Task description - Transcribe the whole listing exactly; the images stay out.

Source data -
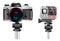 set of action camera waterproof illustration isolated, DSLR professional camera on tripod,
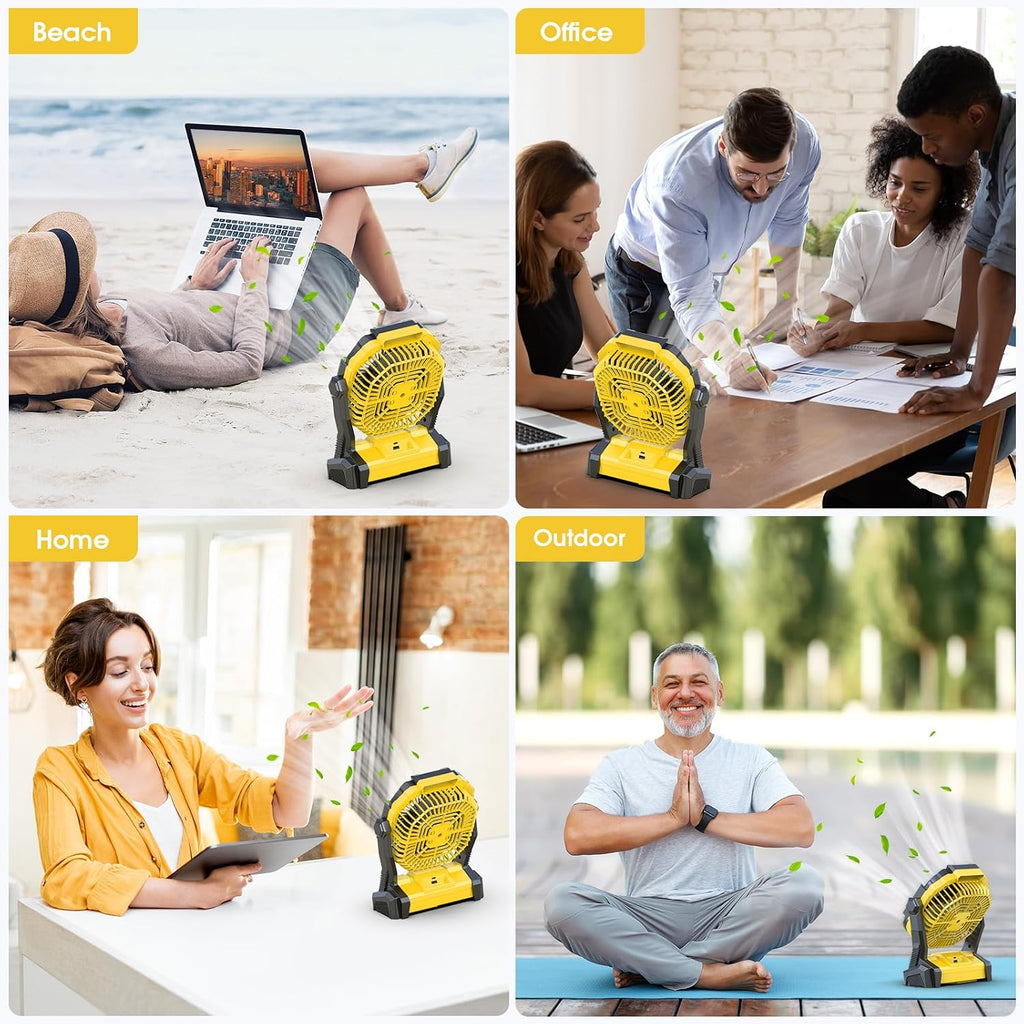 Portable Fan Rechargeable 20000mAh Cordless Battery Powered Camping Fan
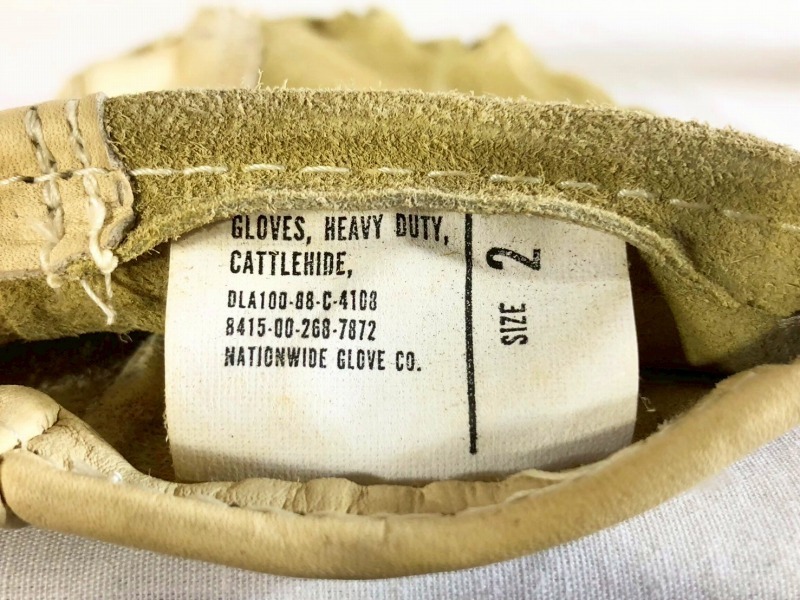【米軍放出品】未使用品 レザーグローブ 革手袋 SIZE2 (幅10.5cm×全長25cm) 1組 牛革 NATIONWIDE (コンパクト)☆CJ30B#25_画像4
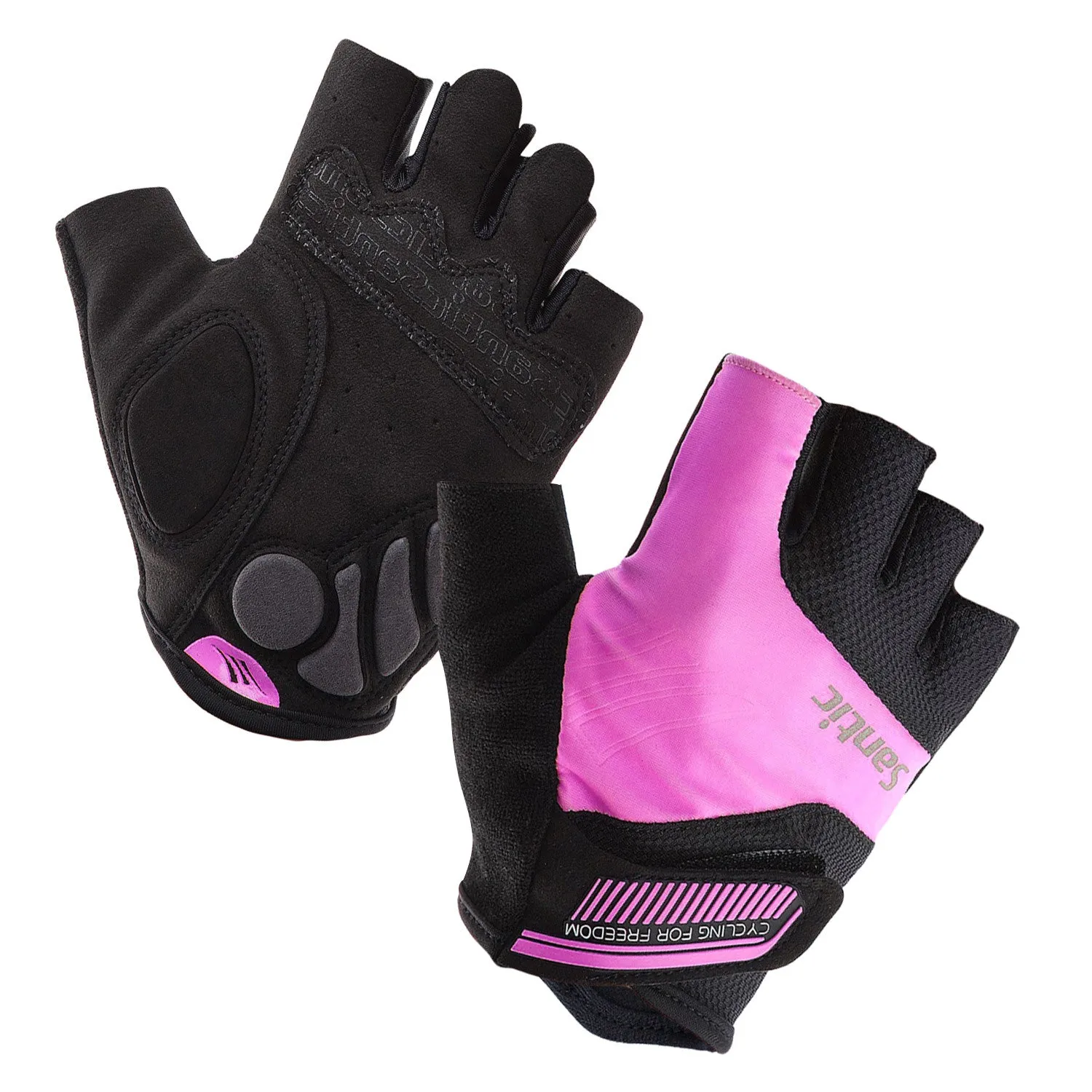 Santic Java Men Cycling Gloves Half Finger – Pink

Response box -
 set of action camera waterproof illustration isolated, DSLR professional camera on tripod,
 Portable Fan Rechargeable 20000mAh Cordless Battery Powered Camping Fan
【米軍放出品】未使用品 レザーグローブ 革手袋 SIZE2 (幅10.5cm×全長25cm) 1組 牛革 NATIONWIDE (コンパクト)☆CJ30B#25_画像4
 Santic Java Men Cycling Gloves Half Finger – Pink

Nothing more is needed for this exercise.